ギムホンソックは欧米社会の価値観や慣習をたんに否定しているのではない。むしろ、彼の作品の魅力は、ウィットに富んだ手法によってそれらと新しい関係を結び、「美術」をアップデートしているところにある。
このことは、ギムホンソックがこれまで「オリジナル」として流用してきた作品が、ヨーロッパではなく戦後のアメリカ美術であることからも明らかである。大衆文化の象徴であるバルーンアートを現代美術に変えたジェフ・クーンズの《バルーン・ドッグ》やロバート・インディアナの《ラブ》は、選ばれた「オリジナル」としての「アメリカ」であり、ギムホンソックの作品はそれへの風刺でもある。
唯一の真なる「起源(origin)」の同定に向かうのではなく、複数の錯綜した「始まり (beginning)」を想定すること。エドワード・サイードなら、「始まり」とは世界と再び接続する行為であり、そのなかにこそ作家=知識人が立ち現れるのだと言うだろう。
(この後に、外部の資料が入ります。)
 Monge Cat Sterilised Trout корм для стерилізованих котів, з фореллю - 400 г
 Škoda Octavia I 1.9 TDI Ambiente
ここでいう「知識人」とは「社会に積極的に関与し、社会と人々の精神構造の根本的変革を目指す活動家」(グラムシ)に近いもので、「歴史や慣習によって押し付けられる系譜的役割を否認することを任務とする」者たちを指す。
1945年以来、韓国はアメリカを「参照し、模倣し、その文化を翻訳することによって自国のアイデンティティを築き上げてきた」。ギムホンソックの作品は、この「翻訳」を通じた数々のアンバランスな組み合わせのうちに成立する、今日の韓国の日常と芸術の映し鏡でもある。そしてそれは、アメリカと韓国という、あるいは翻ってアメリカと日本という「2つの文化の間にある可能性とオリジナリティの問題」をめぐる対話へと私たちを導く営みでもあるだろう。
そもそも私たちの日々の生活はまさしくアンバランスな組み合わせのなかで切り拓かれている。《不適切》であることは、必ずしも誤りや失敗を意味しない。ギムホンソックの世界がどこか愉快で先鋭的だとすれば、それは「完全」なものとそうでないものとの出合い直しのなかに、豊饒な可能性があることを物語っているからではないだろうか。